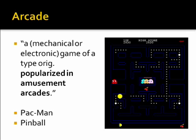Arcade. Anything in quotes is from the Oxford English Dictionary. An arcade game is a mechanical or electronic game of a type originally popularized in amusement arcades. Pac-Man and Pinball are two simple examples. The Pac-Man screenshot is from an open-source game called Pac-Dasher from SourceForge — a very close approximation of Namco's original game.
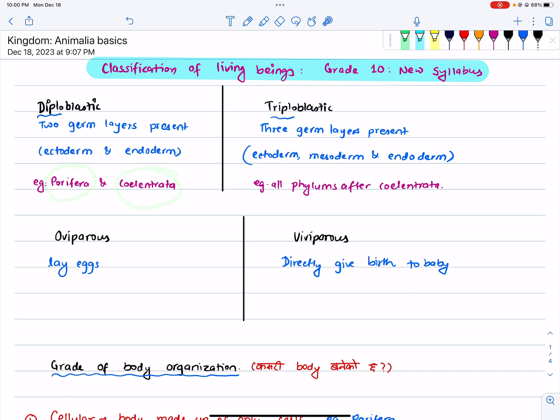This is a primitive phylum which contains primitive organisms. It is a primitive phylum which has primitive organisms.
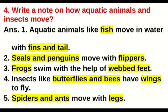Question number four: write a note on how aquatic animals and insects move. Answer: aquatic animals like fish move in water with fins and tails. Second, seals and penguins move with flippers. Third, frogs swim with the help of webbed feet. Fourth, insects like butterflies and bees have wings to fly. Fifth, spiders and ants move with legs.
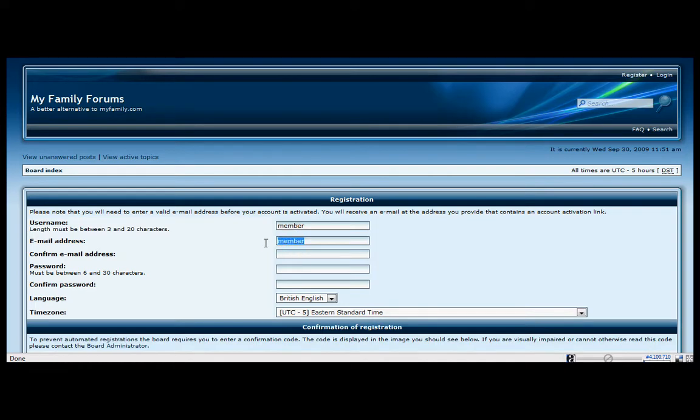Oops, sorry. I set up a temporary email address at MSN to do this demonstration.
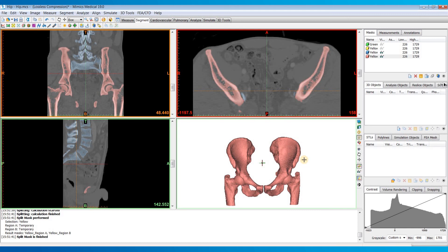I encourage you to give this tool a try — it's really useful for a lot of different things. I've used it for separating out an aorta or pulmonary artery from the rest of a heart, a mandible from a maxilla, and femurs from the pelvis. It's really become one of my go-to tools for a lot of different situations.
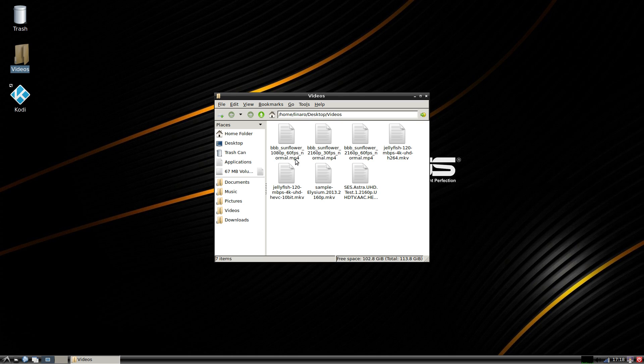Today I am back with the Asus Tinker Board and I want to test out some video playback. I'm going to be using their built-in video player, then switch over to Kodi, and do some YouTube playback also.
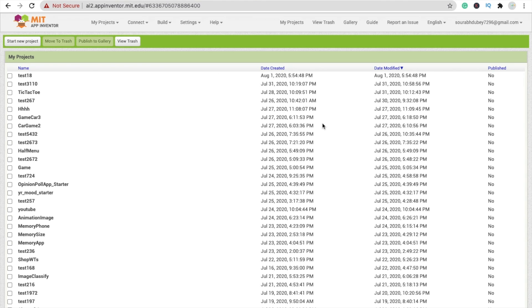Hi guys, this is Saro. In this video, we will create a Snake Game in MIT App Inventor.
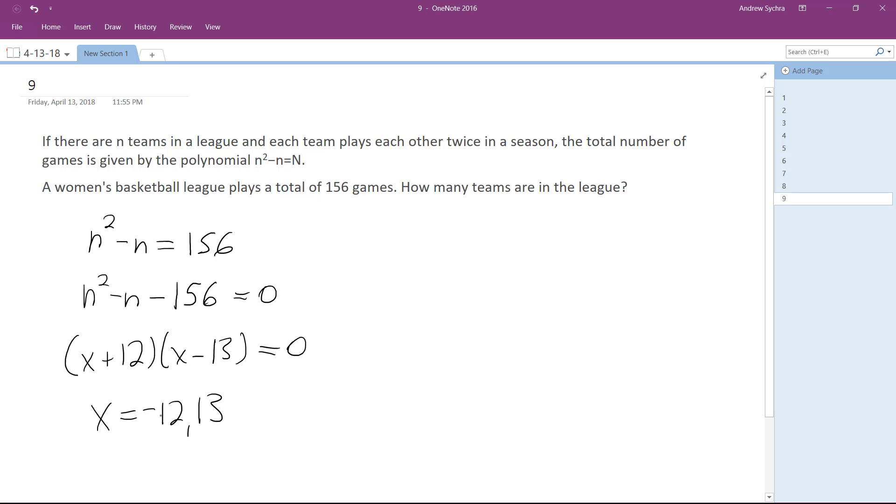And you can't have negative 12 teams in the league, so it's going to be 13. So 13 teams. Alright, I hope this helped you out. Thanks for watching. Have a great day.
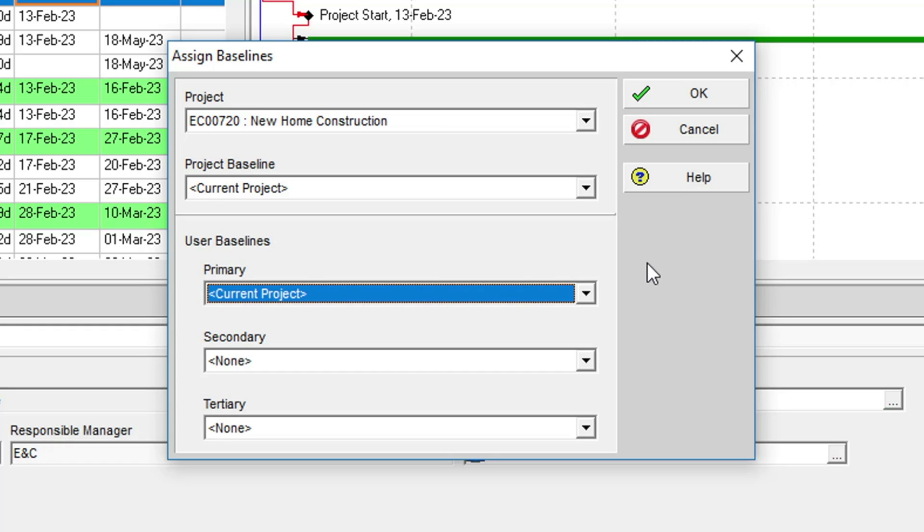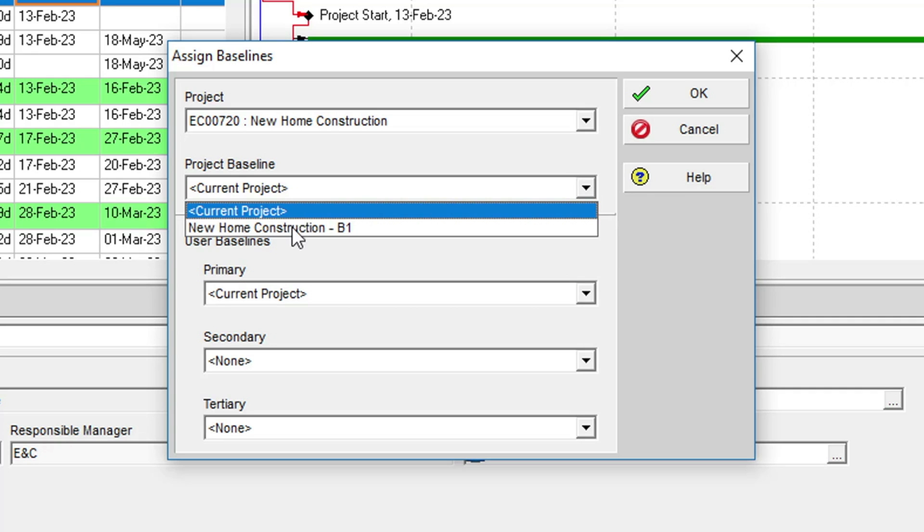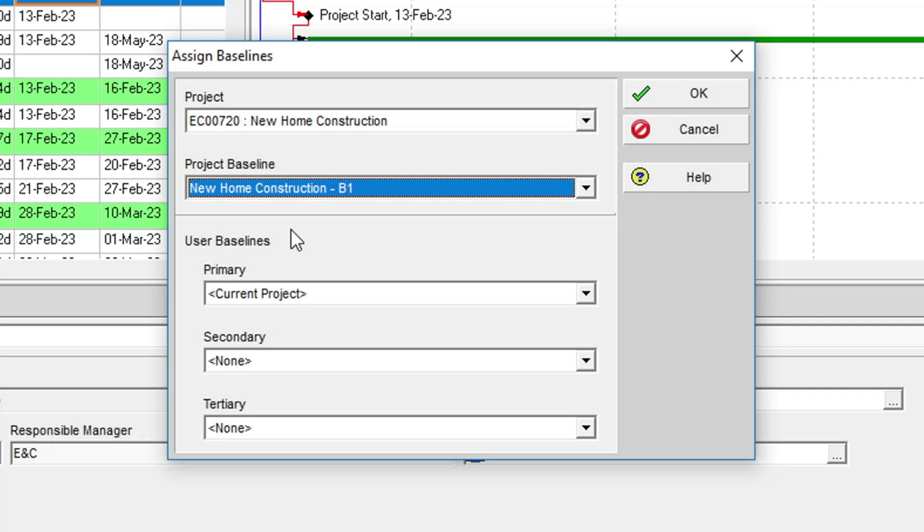What we need to do here is set the Project Baseline to the baseline we just took. This takes care of the Project Baseline assignment and now ensures that if the current plan begins to change, the Project Baseline fields in P6 will reflect the original baseline values.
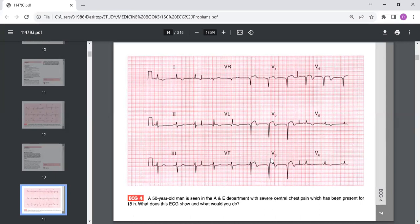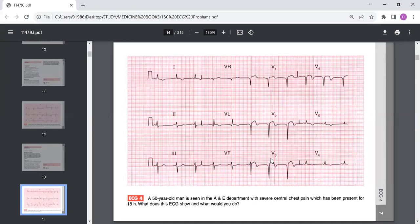This is a classical ST segment elevation MI. We divide ACS into those without ST elevation and with ST segment elevation. With ST segment prominence raised, this becomes ST elevation MI. Non-ST elevation MI if it's not elevated. The majority develop a rise in troponin but this may be prevented by early intervention.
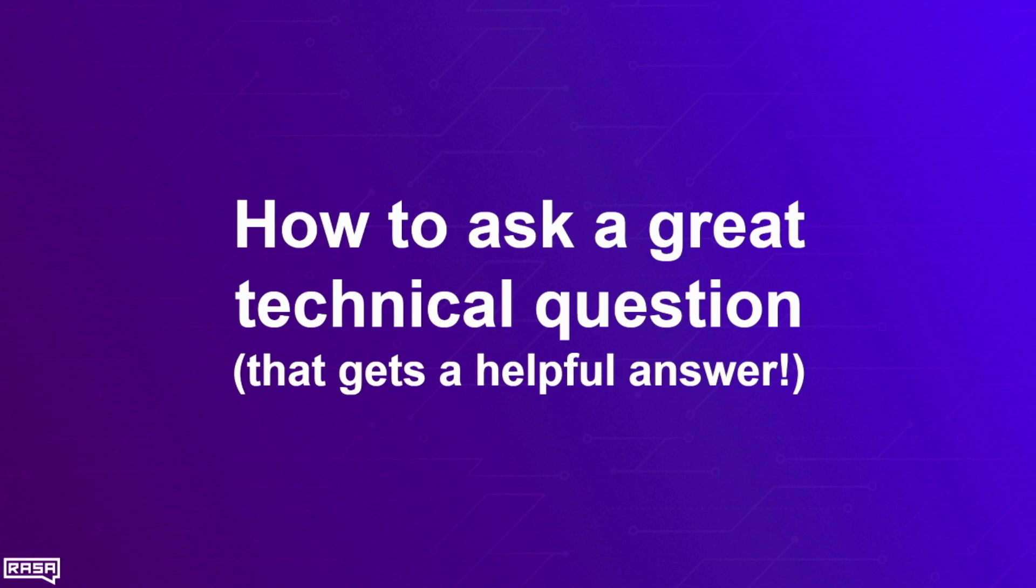Today I'm going to talk about how to ask a really great question that gets a helpful answer as quickly as possible.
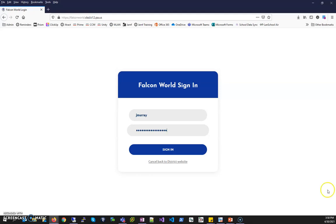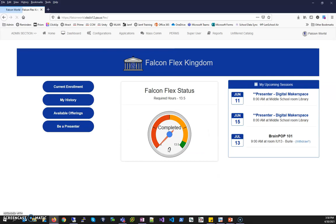Since this is a new website, it's going to take you directly to the Falcon World FalconFlex Kingdom, where you'll be able to work with your professional learning module. To learn more about FalconFlex, please view the next several videos. Thank you!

-*-*-

● Problem details
Give the lines above again exactly, from the one containing "I encourage you" to the one containing "Hi guys, this", both included, but leave out the pictures.

● Reply
I encourage you to give this tool a try — it's really useful for a lot of different things. I've used it for separating out an aorta or pulmonary artery from the rest of a heart, a mandible from a maxilla, and femurs from the pelvis. It's really become one of my go-to tools for a lot of different situations.
Today I am back with the Asus Tinker Board and I want to test out some video playback. I'm going to be using their built-in video player, then switch over to Kodi, and do some YouTube playback also.
Hi guys, this is Saro. In this video, we will create a Snake Game in MIT App Inventor.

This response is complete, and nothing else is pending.